If Trump has any particular genius, it is for jumping to the front of the parade and acting like it is where he has been all along. Agreeing to take on the rink was in this category. It is not as if Trump decided to take over the Second Ave Subway or other long-stalled (and far more complicated) city development projects. “I mean c’mon, it’s a skating rink,” said Vitullo-Martin. “Any halfway decent construction person would have been able to build the damn thing.” There were no real environmental reviews, limited public safety concerns, and delays usually associated with refurbishing a landmarked property were removed as a condition of Trump taking over the project. Plus, the city was limited by a review process and by hiring the lowest-bidding contractor. As a private entity, Trump was able to ignore all that, paying contractors at below cost by promising more work later on in one of his many projects.

Rudolph Rinaldi, the director of construction in the Parks Department at the time, recalled Trump taking his team to Canada to see how a similar project was refurbished, and showing up to tour the site in Central Park with one team of architects and engineers, only to show up the next time with a completely different set of architects and engineers. “We did projects that were much more complicated without Trump,” Rinaldi said. “But we couldn’t fire all of our architects and a hire a whole new team just because we felt like it.”

At the time, City Hall was mystified that Trump was even interested. “You generally don’t see developers try to fix someone else’s capital project,” recalled Vitullo-Martin. “I mean, who does that? Have you ever seen a developer come in and say to a city, ‘Oh, I can fix your crumbling bridge?’ You need a narcissist who will come forward and say, ‘You don’t know what you are doing. I know what I am doing, I will fix it and you will put my name on it.”’

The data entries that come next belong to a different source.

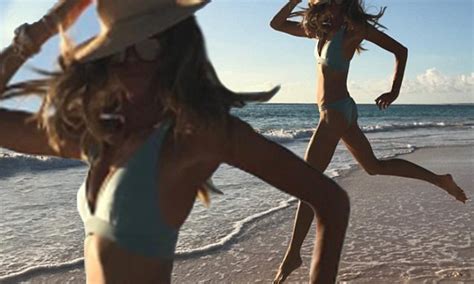 Elle Macpherson Flaunts Figure In Bikini Instagram Snap Daily Mail Online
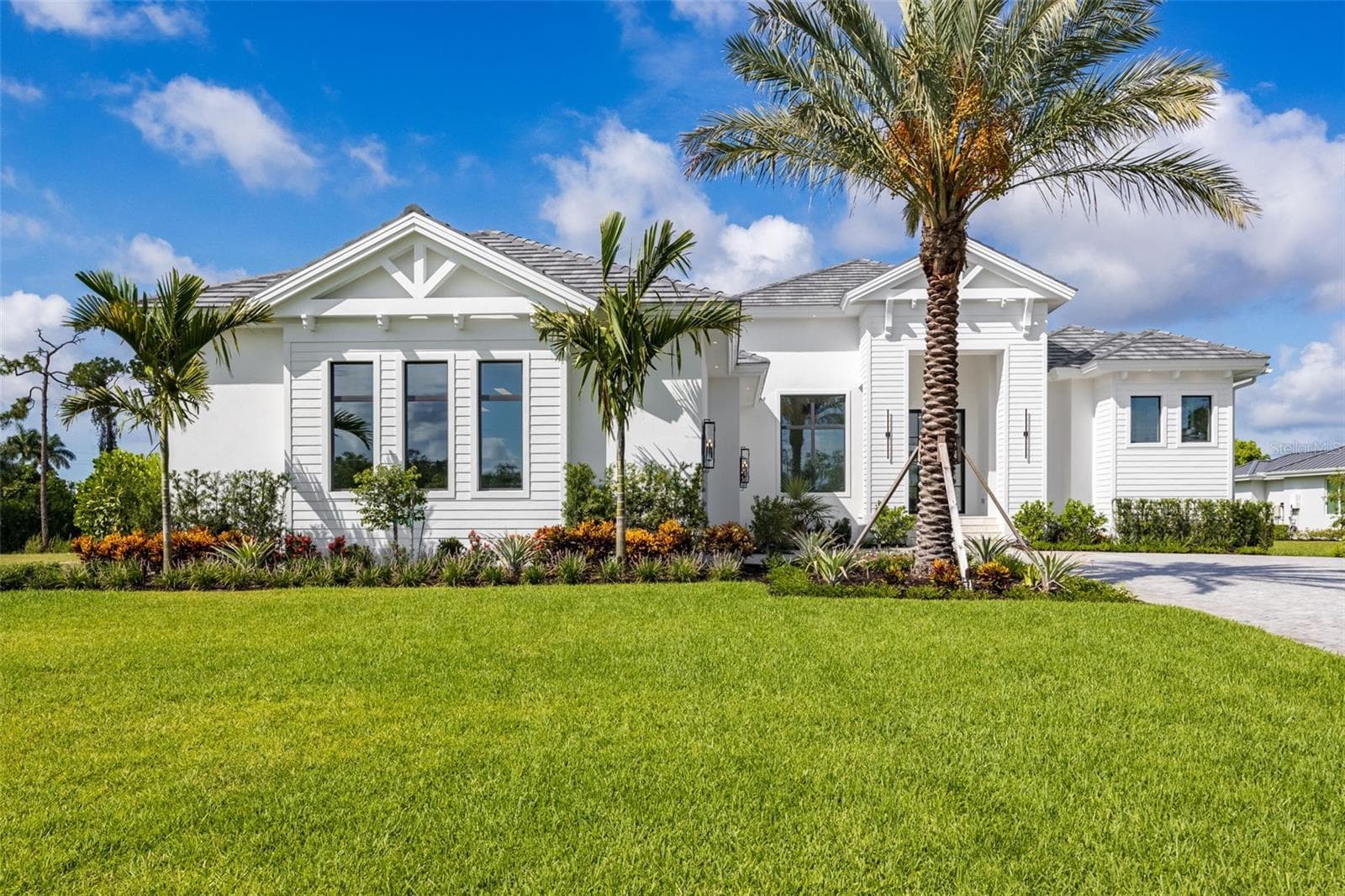 Single Family Residence at 15850 HAMPTON VIEW CT, FORT MYERS, photo 6 of 50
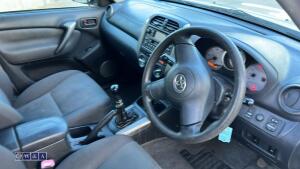 TOYOTA RAV4 diesel 4 door (FD53 JXK)(MoT 8th September 2027)(V5 in office) - 15
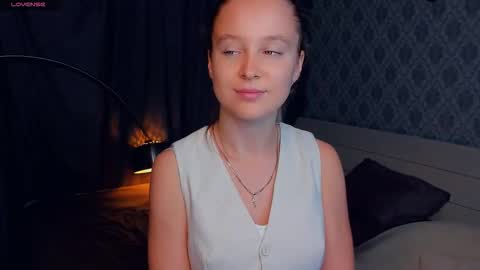 Snapshot of nicolavanderbie chatting on 09-13-25, 06:08 Nicoletta online show from 09-13-25, 06:08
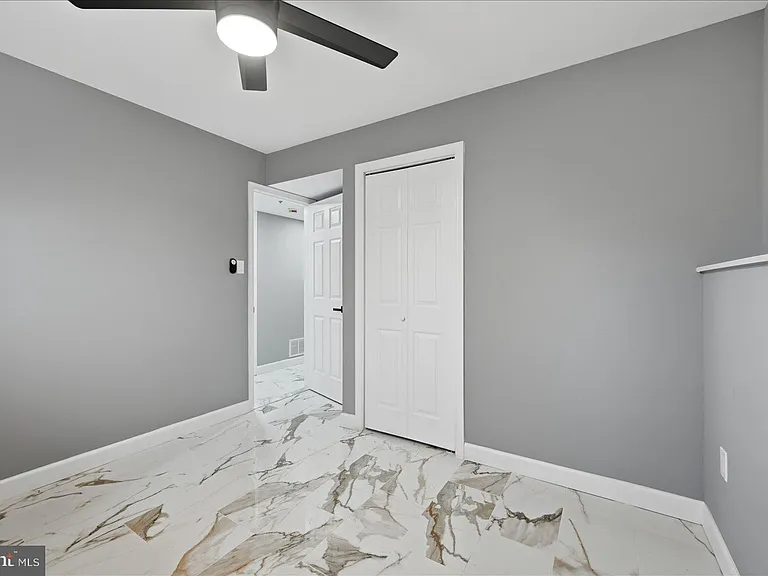 6915 Adel St — Photo 17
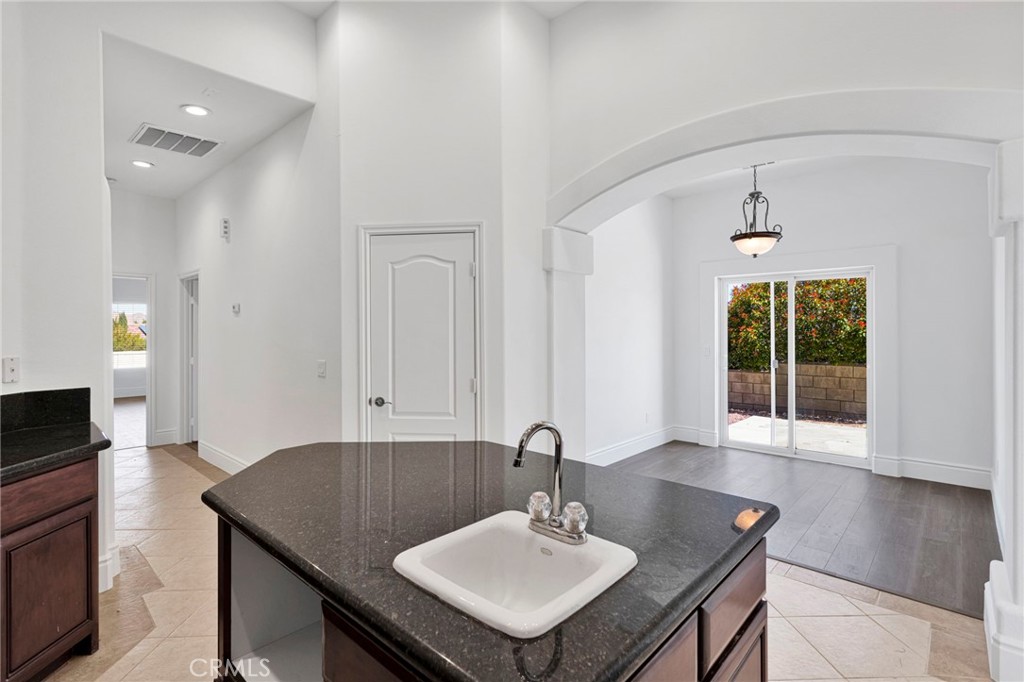 16233 Ridge View Drive Property Photo 14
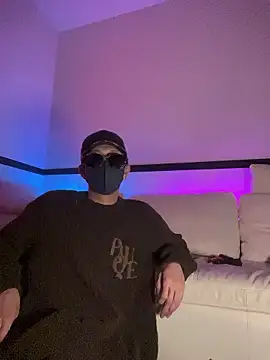 Snapshot of Yumemiru-k chatting on March 5, 10:55 am Yumemiru-k online show from March 5, 10:55 am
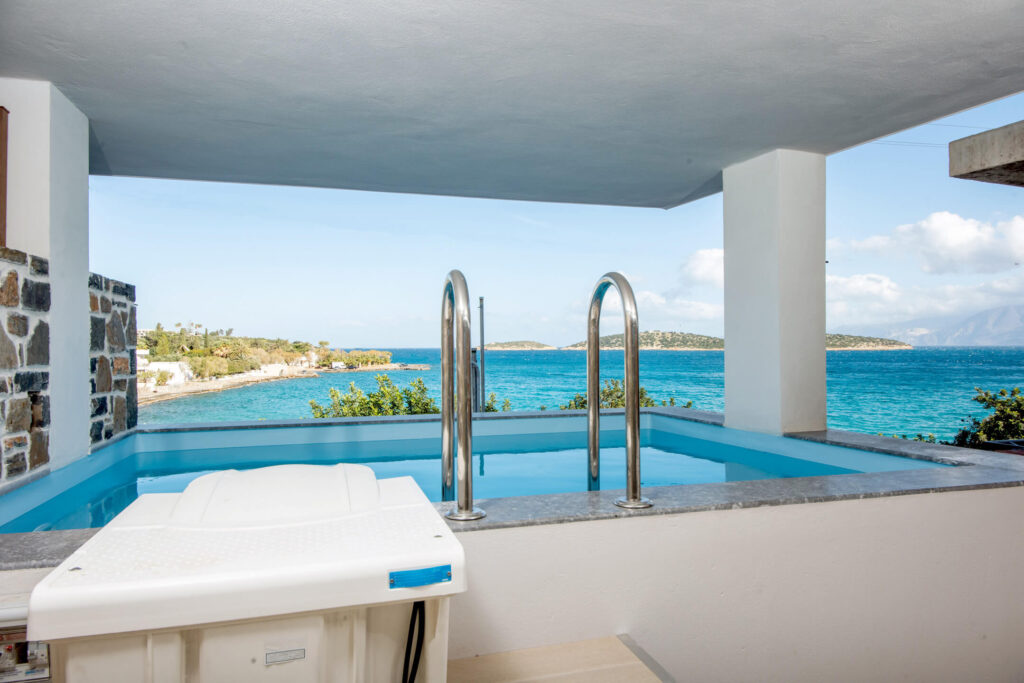 Purchasing property via auction - Economou & Economou law office the best real estate law office in Athens Greece econlaw@live.com (+30)2103603824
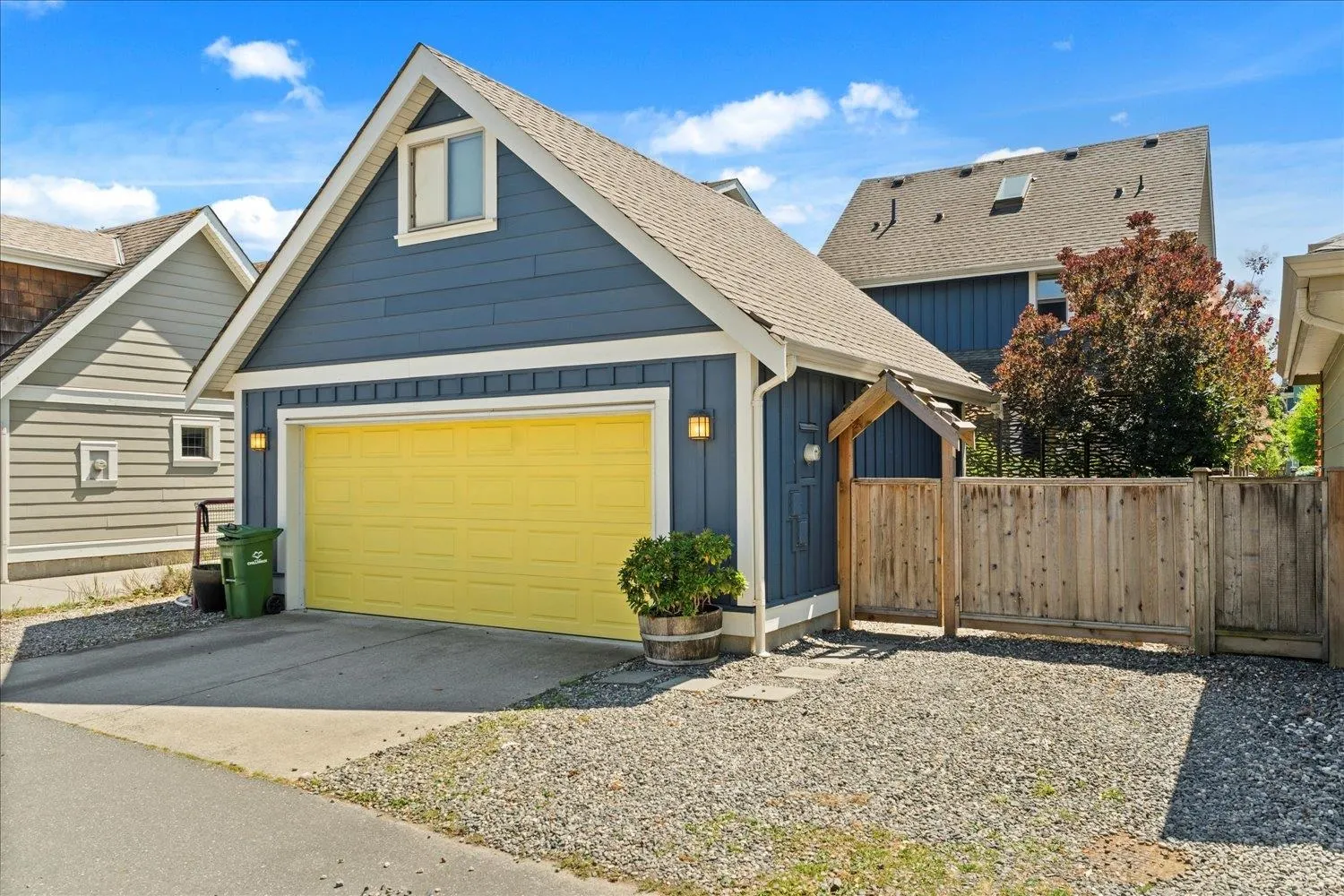 45297 Soowahlie Crescent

“Any real estate developer in the city could have done that project, but why do you think they didn’t?” asked Adrian Benepe, then a spokesman for the Parks Department and later its commissioner. “It’s because most major real estate families in New York want to work behind the scenes and do the deals, and so many of them do many more deals and build many more buildings than Donald Trump ever does.

“There are so many myths about this thing,” Benepe continued. “One was that he did it for free. No, he did it for whatever the budget was. Another myth: he did something the city never could have done. Well, no, the project was largely complete by the time he took over.”